In every relationship we go into, we give a part of ourselves.
Some give away too little, others give away too much; and some give up every bit of themselves. And it’s only until you are out of it that you realise you’ve been left with nothing. You realise you can’t remember the last time you smiled at yourself in the mirror, or the last time you took time out to enjoy your own company.
Our generation sadly treats love like a drug addiction. It has become something artificial and superficial. We have become co-dependant on our significant others, expecting them to be the ones to solely bring us happiness. They become our daily dopamine fix, yet love was never made to be the crutch you need to heal your demons. It was never made to be the cure for your burdens.
Call me a hopeless romantic, but I’ve always believed that although love is selfless it should also be selfish. Selfish in the way that sometimes we have to be brave enough to just love ourselves and let that be enough.
There was a time when I wanted to be the girl that a guy looked at and he just knew that I was his whole world. It was only recently that I realised that I had to be that guy. I needed to look at myself and see a whole world.

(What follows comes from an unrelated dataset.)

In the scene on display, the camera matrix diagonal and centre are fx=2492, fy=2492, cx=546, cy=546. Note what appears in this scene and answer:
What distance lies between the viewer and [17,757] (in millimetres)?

I needed to see each and every possibility and opportunity; but most importantly, I needed to look at myself and know that I was who I needed.

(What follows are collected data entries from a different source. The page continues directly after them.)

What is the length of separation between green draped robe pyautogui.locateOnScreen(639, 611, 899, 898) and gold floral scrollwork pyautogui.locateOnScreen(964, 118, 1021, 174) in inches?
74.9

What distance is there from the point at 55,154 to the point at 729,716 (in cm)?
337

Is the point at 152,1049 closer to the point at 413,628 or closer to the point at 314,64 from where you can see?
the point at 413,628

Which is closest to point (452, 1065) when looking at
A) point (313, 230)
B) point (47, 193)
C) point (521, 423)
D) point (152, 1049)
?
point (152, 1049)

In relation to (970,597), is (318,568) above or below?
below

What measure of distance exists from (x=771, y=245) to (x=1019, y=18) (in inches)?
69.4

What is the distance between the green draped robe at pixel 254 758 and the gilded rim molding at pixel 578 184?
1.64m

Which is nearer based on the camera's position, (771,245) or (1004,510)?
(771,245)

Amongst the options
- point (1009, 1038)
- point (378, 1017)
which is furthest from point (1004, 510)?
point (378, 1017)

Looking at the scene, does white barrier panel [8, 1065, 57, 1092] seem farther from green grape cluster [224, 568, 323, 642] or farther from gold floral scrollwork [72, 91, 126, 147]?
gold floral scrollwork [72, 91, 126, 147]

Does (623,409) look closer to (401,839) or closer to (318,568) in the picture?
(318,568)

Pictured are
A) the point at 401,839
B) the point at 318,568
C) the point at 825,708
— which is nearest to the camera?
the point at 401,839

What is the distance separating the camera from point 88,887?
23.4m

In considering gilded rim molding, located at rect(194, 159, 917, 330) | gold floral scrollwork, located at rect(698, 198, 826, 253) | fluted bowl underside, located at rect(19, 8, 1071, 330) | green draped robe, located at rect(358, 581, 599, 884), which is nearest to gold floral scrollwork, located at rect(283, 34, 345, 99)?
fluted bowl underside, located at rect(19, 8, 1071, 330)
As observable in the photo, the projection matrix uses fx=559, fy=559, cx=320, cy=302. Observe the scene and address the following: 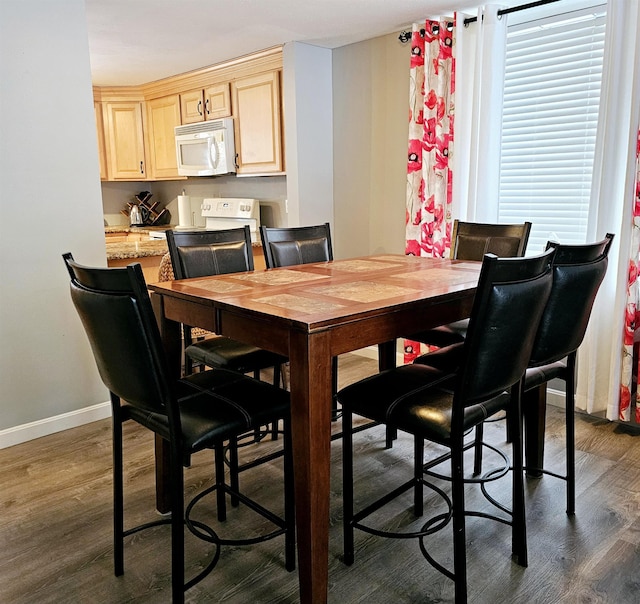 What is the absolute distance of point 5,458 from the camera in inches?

After my last relationship, I decided to take a sort of hiatus from dating. Because for me, I knew I would never truly be happy with someone else until I was happy just being by myself. I think when you learn to stand on your own two feet; hold your own hand when you need it, and be there for yourself; you find that you won’t need others to be that for you. There’ll just come a time when you want it. You won’t crave love, but simply relish and enjoy every bit of it.
Most people today find themselves in another person, and while there is nothing wrong with that, that person should not be your identity. When you are with someone, without knowing who you are, you’ll find it’s harder to define yourself as your own person. You have to find who you truly are. Find yourself in the joy and the sadness. Find yourself in the confines of your home; in the world outside. Find yourself in you.
When you decide to become the source of your own happiness, you won’t depend on someone to be that happiness for you.
You’ll find that when you do truly lose yourself in that one person, you will lose yourself willingly; allowing them to love the deepest and most inner parts of you because you have taken the time to love those parts yourself; no matter how ugly they might seem.
Be confident in your single self. Allow yourself to discover the things that make you who you are.
People often ask me, what do I do now that I’m out of a relationship? My response usually is take your time. Take your time to rediscover yourself. Remember who you were before you were an us. And remember that you used to be a me, and if you survived then, you can survive now.